Record historique du prix du blé
Agritel, société de conseil sur les marchés agricoles et agroalimentaires, a observé un record historique du prix du blé meunier sur le contrat à terme d’Euronext, la principale place boursière de la zone euro, lequel a frôlé les 300 €/t. Cette forte hausse, qui atteint un niveau de prix vieux de 14 ans, s’explique par une réalité fondamentale : l’offre de blé chez les grands exportateurs n’est pas suffisante pour répondre à la demande record des pays importateurs.
« Côté récolte, les déboires sont connus depuis l’été dernier. Pertes de production au Canada, aux Etats-Unis et en Russie à la suite de canicules. Pertes de qualité et de production en Europe suite aux intempéries de juillet », explique Sébastien Poncelet, directeur du développement au sein du cabinet Agritel. Or, contrairement à l’offre, la demande ne faiblit pas, elle se multiplie. Le manque de maïs sur l’été et l’automne a soutenu la consommation de blé. Jamais les achats de blé n’ont été aussi forts que ces quatre derniers mois sur le marché mondial alors que les disponibilités à la vente ne suivent pas. À chaque nouvelle vague d’achats, les prix montent inlassablement. L’arrivée de la nouvelle récolte de maïs se présente comme record aux Etats-Unis et en Ukraine, et très bonne en Europe. Elle soulagera quelque peu la demande dans la filière animale mais ce ne sera probablement pas suffisant, d’après les analyses d’Agritel.
« À travers cette hausse historique, le marché cherche à rationner la demande par le prix y compris la demande à destination de l’alimentation humaine. Il cherche également à stimuler une hausse de production pour l’année prochaine.
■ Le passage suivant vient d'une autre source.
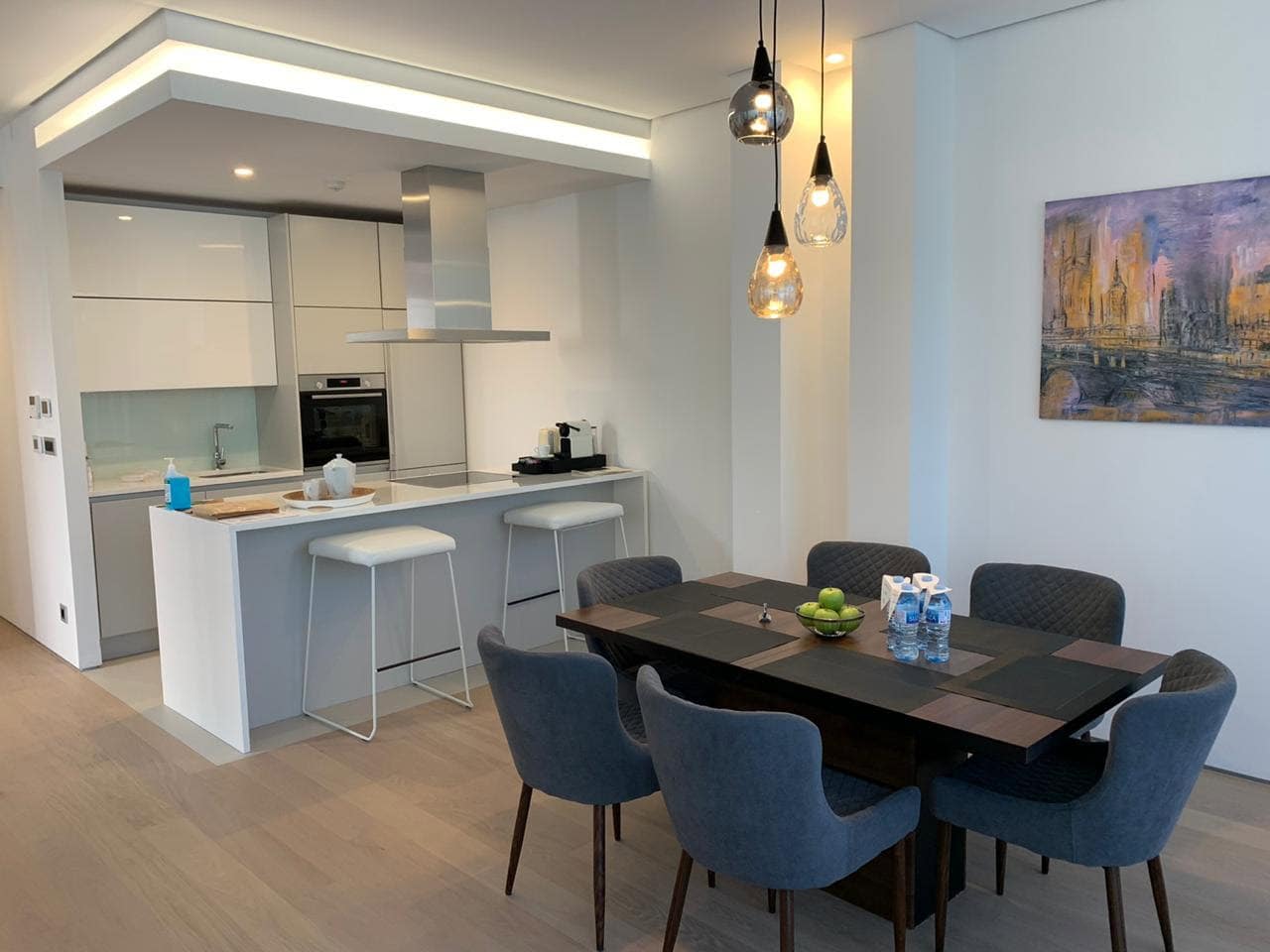 Modern kitchen-dining room in Budva residential complex, Montenegro: white furniture, breakfast bar, dining area with gray chairs.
Dans les deux cas, la tâche est délicate et l’objectif n’est pas encore atteint », déclare Sébastien Poncelet. Les menaces qui planent sur la prochaine récolte ne font que rajouter de l’huile sur le feu avec d’ores et déjà des levées de blé perturbées par le manque de précipitations en mer Noire ou aux Etats-Unis. Il ne faut pas oublier la flambée des prix des engrais azotés doublée de risques de pénuries qui pourraient compromettre l’obtention d’une bonne production en 2022 pourtant indispensable pour remettre les stocks à flot.
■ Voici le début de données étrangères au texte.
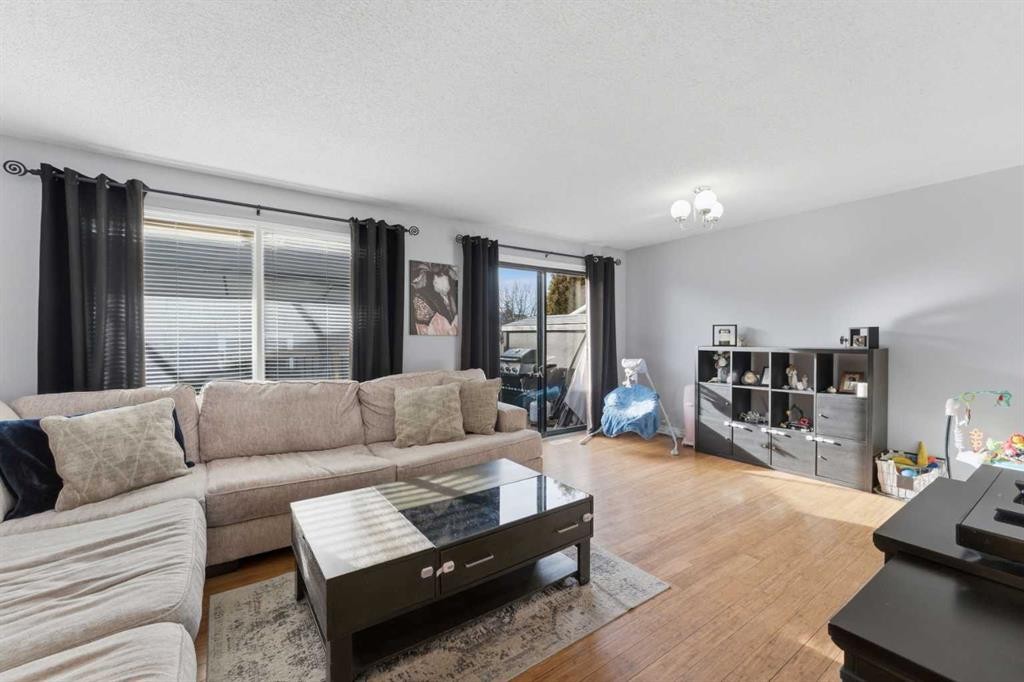 96 Abberfield Crescent Ne, Calgary, AB - Indoor Photo Showing Living Room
Hausse du prix du blé et répercussions sociales
« Du blé au pain il n’y a qu’un pas. C’est la nourriture de base d’une partie de l’humanité qui est menacée. L’instabilité alimentaire dans les pays les plus dépendants aux importations s’annonce d’autant plus importante que les huiles végétales flambent également sur des niveaux de prix record », ajoute Sébastien Poncelet. L’indice alimentaire de la FAO est de retour sur les plus hauts du printemps 2008 et 2011, à l’époque des émeutes de la faim et des bouleversements politiques dans certaines zones du monde.
Agritel estime que les filières agricoles françaises sont aussi malmenées. Pour les producteurs céréaliers, les aléas climatiques, l’explosion du coût des intrants et la volatilité extrême des cours des grains rendent l’activité à haut risque économique. Pour les éleveurs, c’est l’existence même de ce métier qui peut être remis en cause si le prix des viandes, des produits laitiers ou des œufs n’augmentent pas à proportion de la hausse des matières premières. « Les intentions françaises d’une juste rémunération des agriculteurs selon leur coût de production dans le cadre de la nouvelle Loi Egalim 2 sont certes louables mais atteindront rapidement leurs limites dans un marché commun européen et dans une compétition mondiale », estime Sébastien Poncelet.